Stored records
● ● ● ● ●

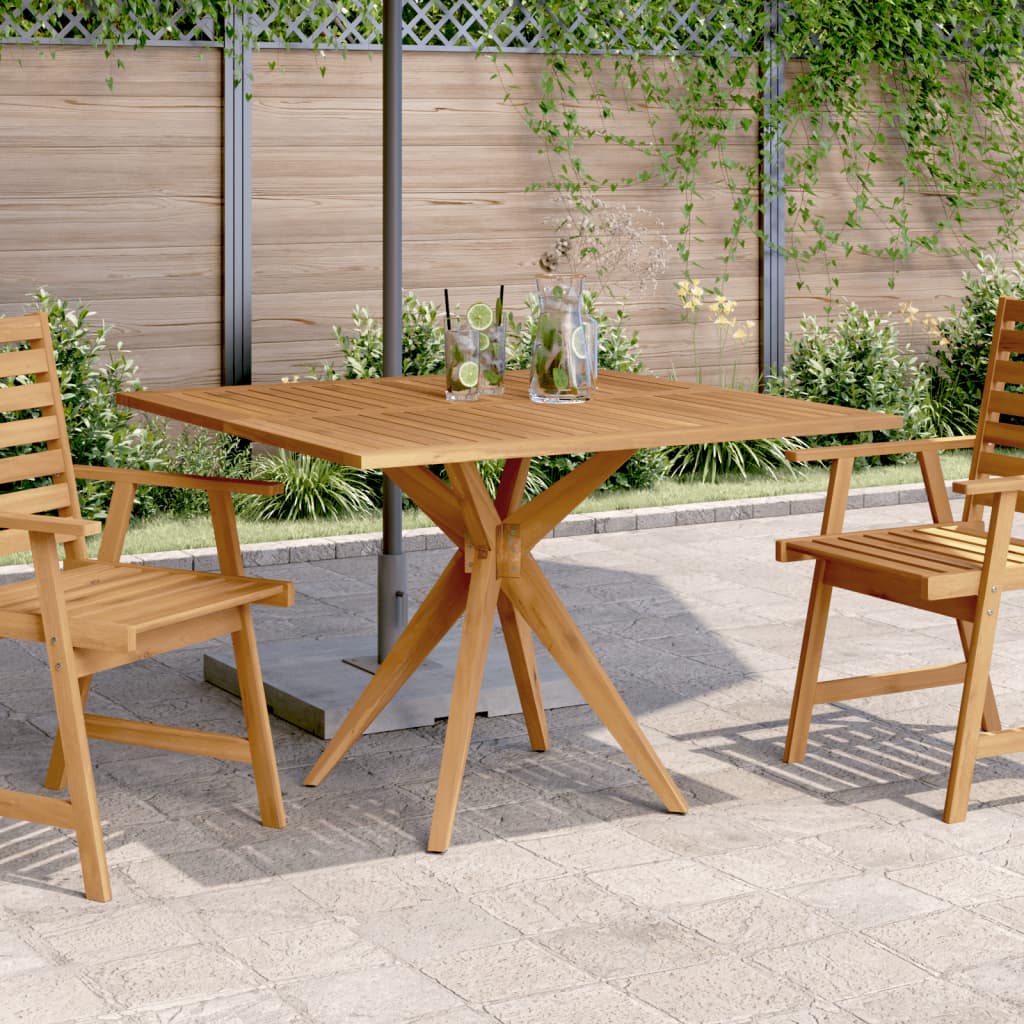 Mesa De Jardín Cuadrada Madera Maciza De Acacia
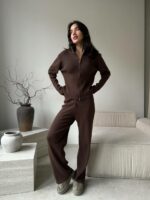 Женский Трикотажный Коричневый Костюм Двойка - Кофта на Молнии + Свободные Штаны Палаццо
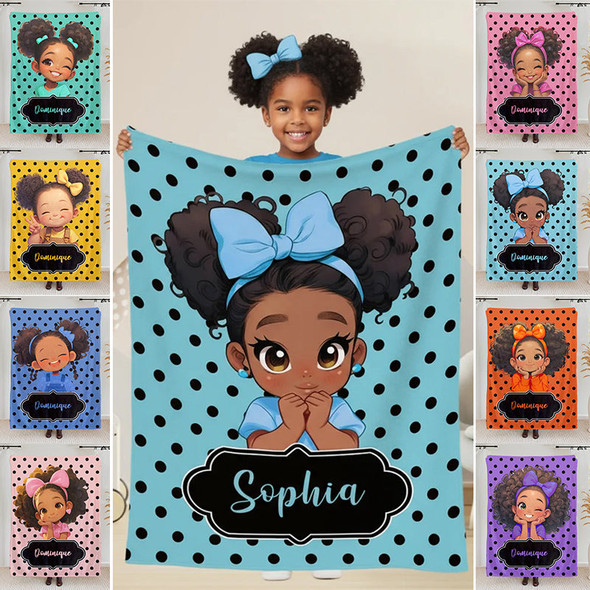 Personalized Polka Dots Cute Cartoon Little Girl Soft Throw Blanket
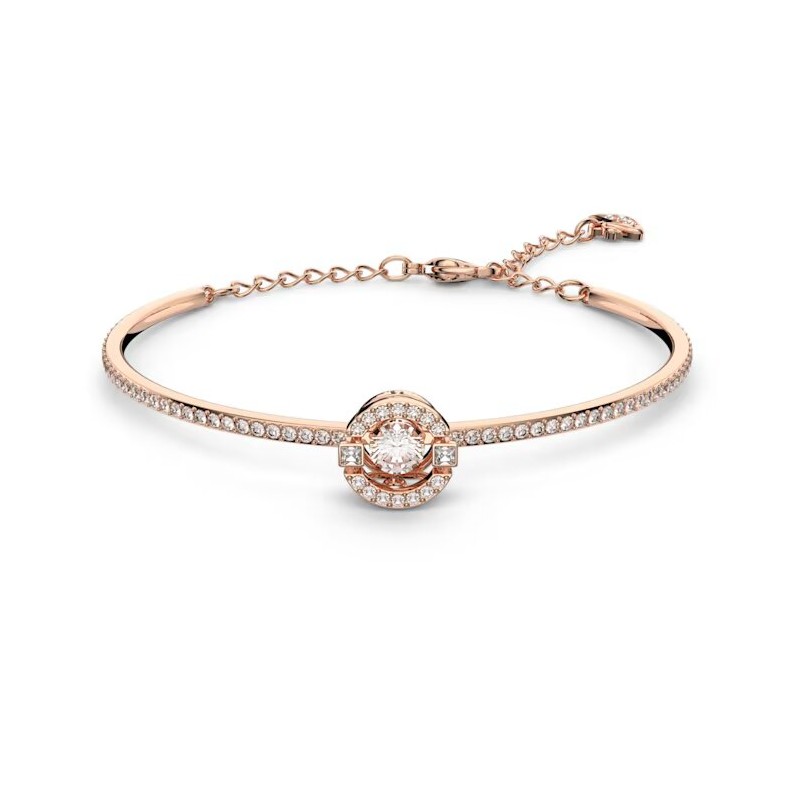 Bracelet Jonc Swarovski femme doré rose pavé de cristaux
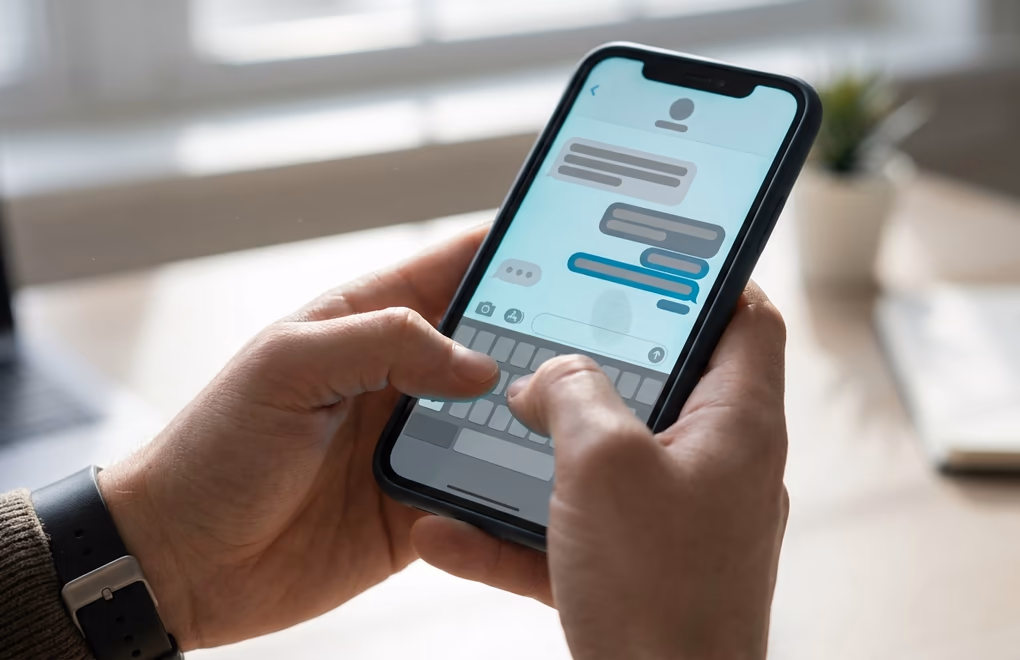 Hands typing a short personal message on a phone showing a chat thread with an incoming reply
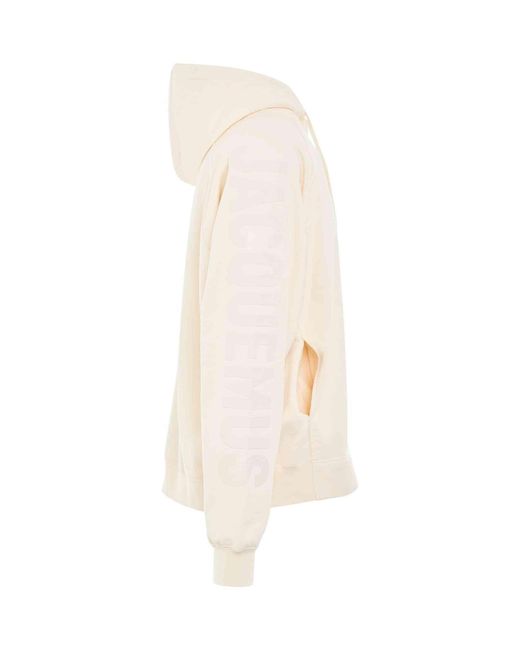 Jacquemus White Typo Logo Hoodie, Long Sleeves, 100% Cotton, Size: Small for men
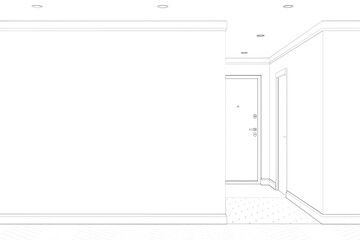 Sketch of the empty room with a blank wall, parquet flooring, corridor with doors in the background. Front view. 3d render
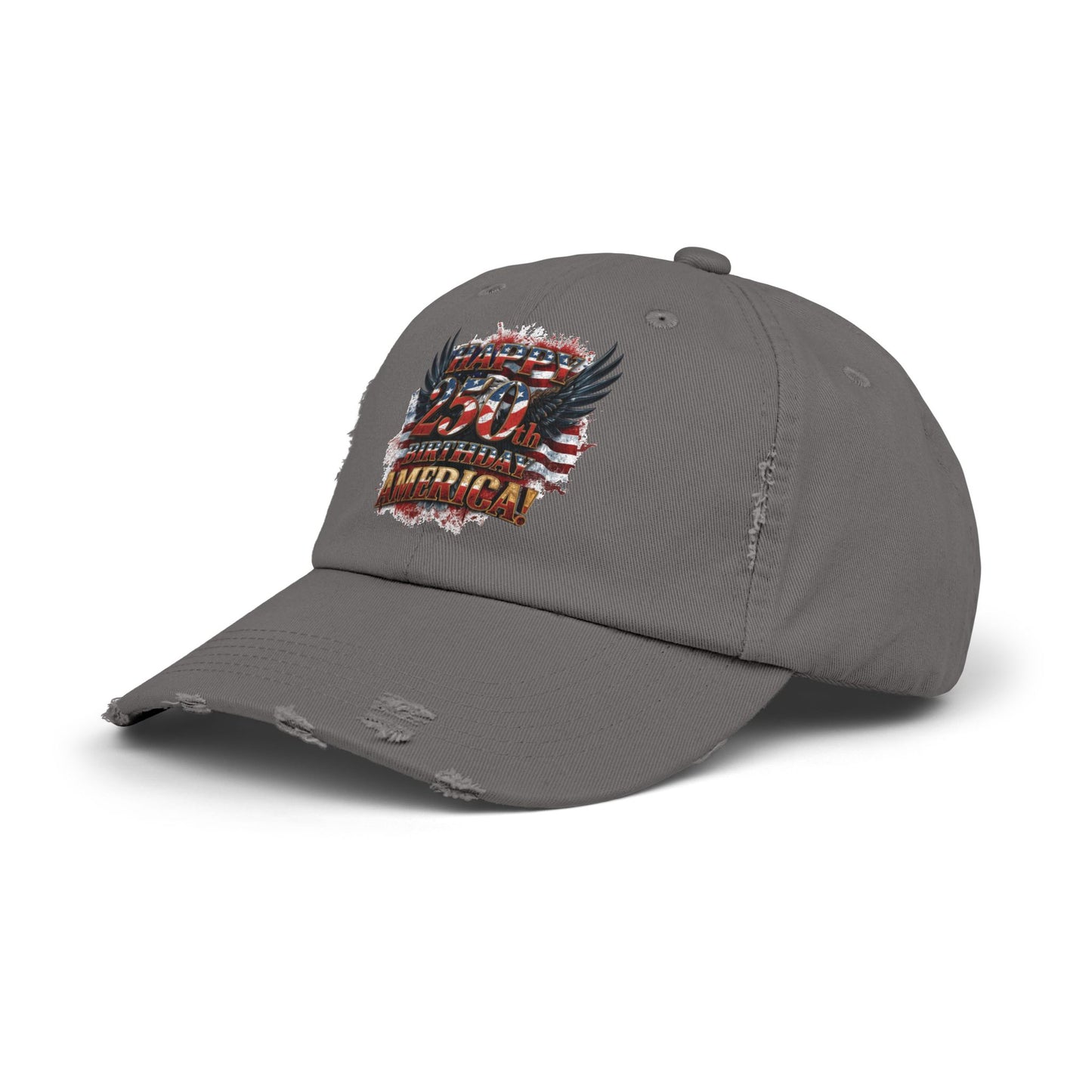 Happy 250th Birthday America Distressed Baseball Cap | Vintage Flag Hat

● ● ● ● ●

TASK REQUIREMENTS:
Leave the pictures out and restate exactly the lines from the one that has "Женский Трикотажный Коричневый" through the final line of the entries above, both ends included.

RESPONSE FOR THIS EXERCISE:
 Женский Трикотажный Коричневый Костюм Двойка - Кофта на Молнии + Свободные Штаны Палаццо
 Personalized Polka Dots Cute Cartoon Little Girl Soft Throw Blanket
 Bracelet Jonc Swarovski femme doré rose pavé de cristaux
 Hands typing a short personal message on a phone showing a chat thread with an incoming reply
 Jacquemus White Typo Logo Hoodie, Long Sleeves, 100% Cotton, Size: Small for men
 Sketch of the empty room with a blank wall, parquet flooring, corridor with doors in the background. Front view. 3d render
 Happy 250th Birthday America Distressed Baseball Cap | Vintage Flag Hat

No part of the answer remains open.